Dataset records ▸

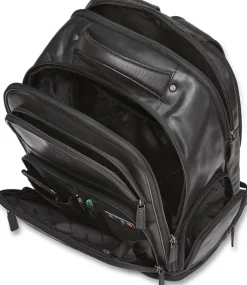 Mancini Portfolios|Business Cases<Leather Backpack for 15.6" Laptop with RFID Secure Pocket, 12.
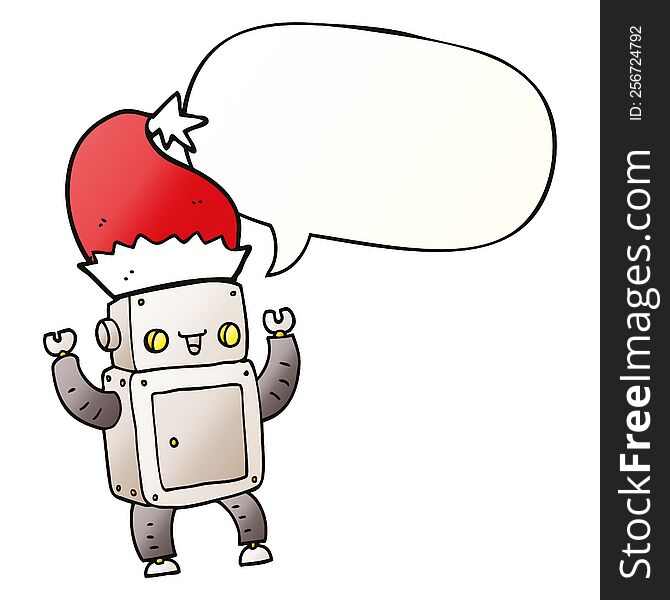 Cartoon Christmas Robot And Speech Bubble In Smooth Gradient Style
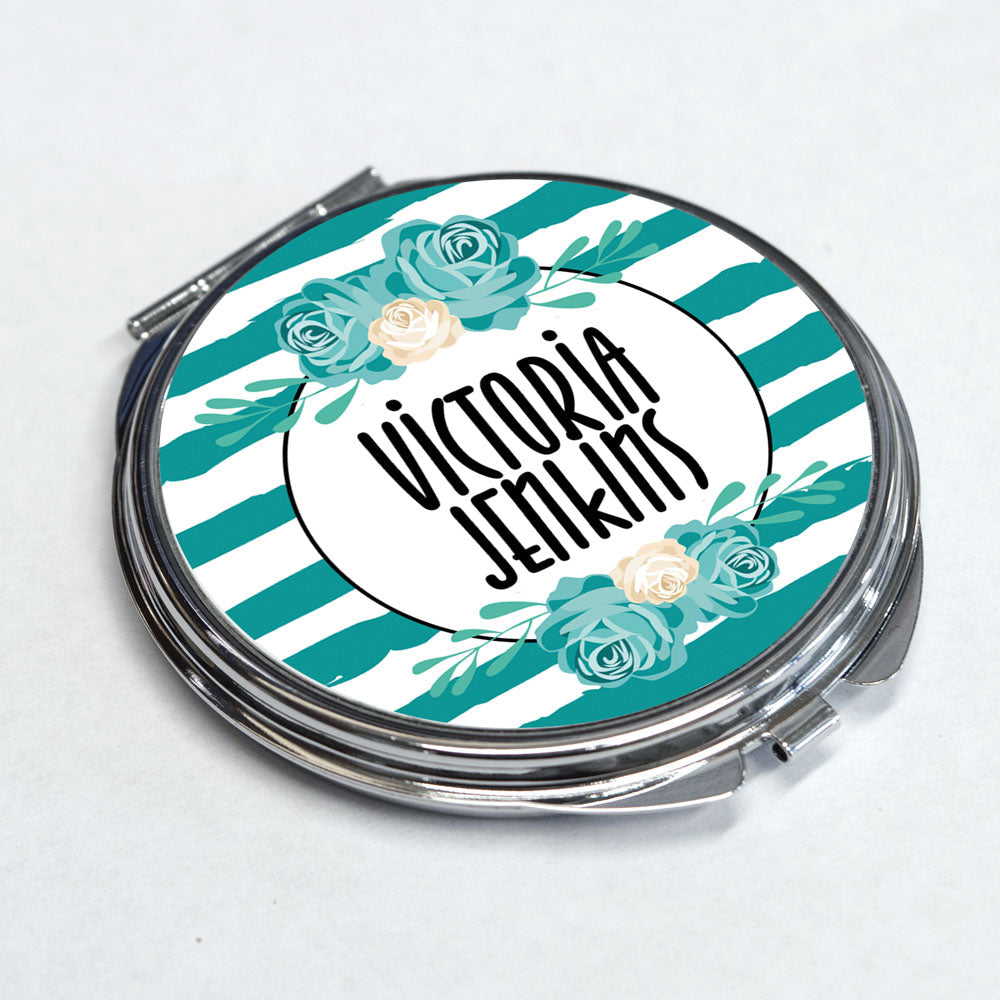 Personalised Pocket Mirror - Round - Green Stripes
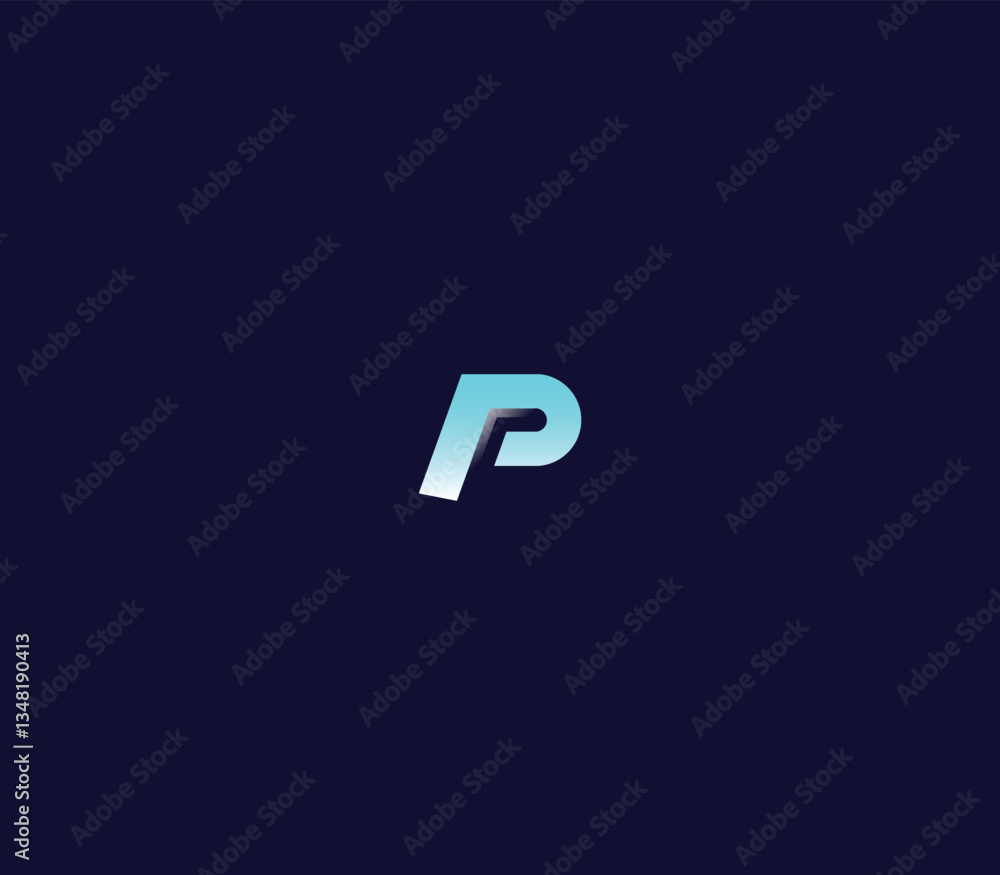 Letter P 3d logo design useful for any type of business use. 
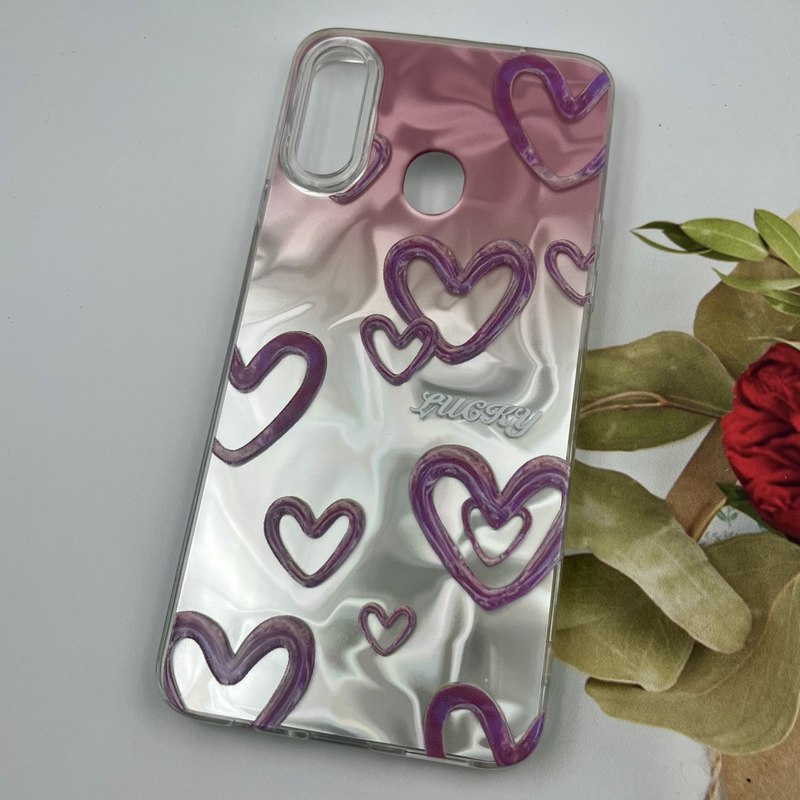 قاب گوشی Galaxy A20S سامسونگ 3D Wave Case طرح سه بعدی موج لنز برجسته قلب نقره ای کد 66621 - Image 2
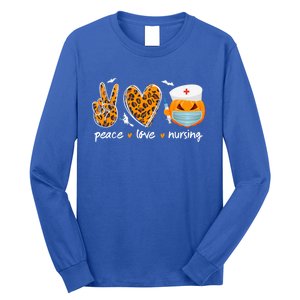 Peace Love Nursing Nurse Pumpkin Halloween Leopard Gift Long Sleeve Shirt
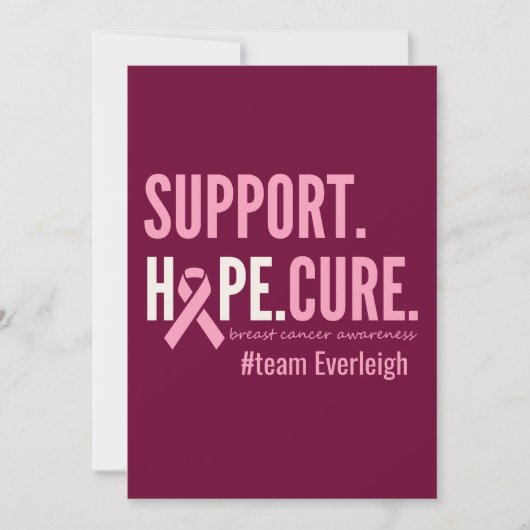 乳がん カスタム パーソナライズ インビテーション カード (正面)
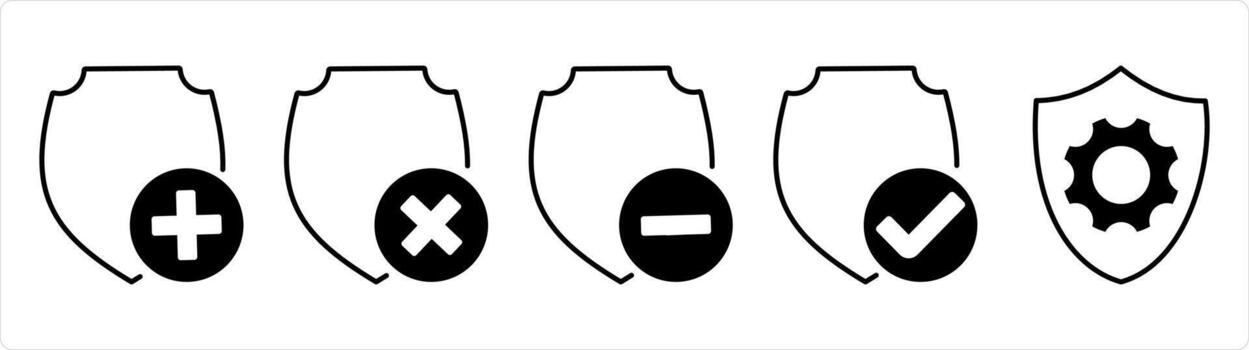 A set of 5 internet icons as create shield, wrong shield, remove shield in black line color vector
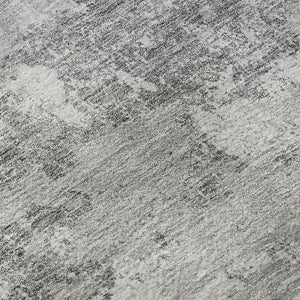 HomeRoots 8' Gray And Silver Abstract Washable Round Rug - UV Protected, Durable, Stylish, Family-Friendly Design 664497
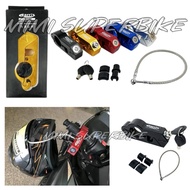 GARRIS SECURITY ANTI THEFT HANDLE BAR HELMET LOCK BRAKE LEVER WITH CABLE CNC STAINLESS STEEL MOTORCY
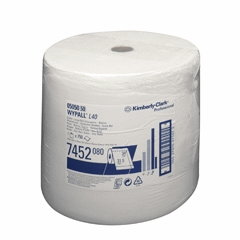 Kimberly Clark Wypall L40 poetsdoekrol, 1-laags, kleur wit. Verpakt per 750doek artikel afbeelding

The problem ▸ Reprint the data verbatim, pictures excluded.

Expected answer ▸
 Mancini Portfolios|Business Cases<Leather Backpack for 15.6" Laptop with RFID Secure Pocket, 12.
 Cartoon Christmas Robot And Speech Bubble In Smooth Gradient Style
 Personalised Pocket Mirror - Round - Green Stripes
 Letter P 3d logo design useful for any type of business use. 
 قاب گوشی Galaxy A20S سامسونگ 3D Wave Case طرح سه بعدی موج لنز برجسته قلب نقره ای کد 66621 - Image 2
 Peace Love Nursing Nurse Pumpkin Halloween Leopard Gift Long Sleeve Shirt
 乳がん カスタム パーソナライズ インビテーション カード (正面)
 A set of 5 internet icons as create shield, wrong shield, remove shield in black line color vector
 HomeRoots 8' Gray And Silver Abstract Washable Round Rug - UV Protected, Durable, Stylish, Family-Friendly Design 664497
 GARRIS SECURITY ANTI THEFT HANDLE BAR HELMET LOCK BRAKE LEVER WITH CABLE CNC STAINLESS STEEL MOTORCY
 Kimberly Clark Wypall L40 poetsdoekrol, 1-laags, kleur wit. Verpakt per 750doek artikel afbeelding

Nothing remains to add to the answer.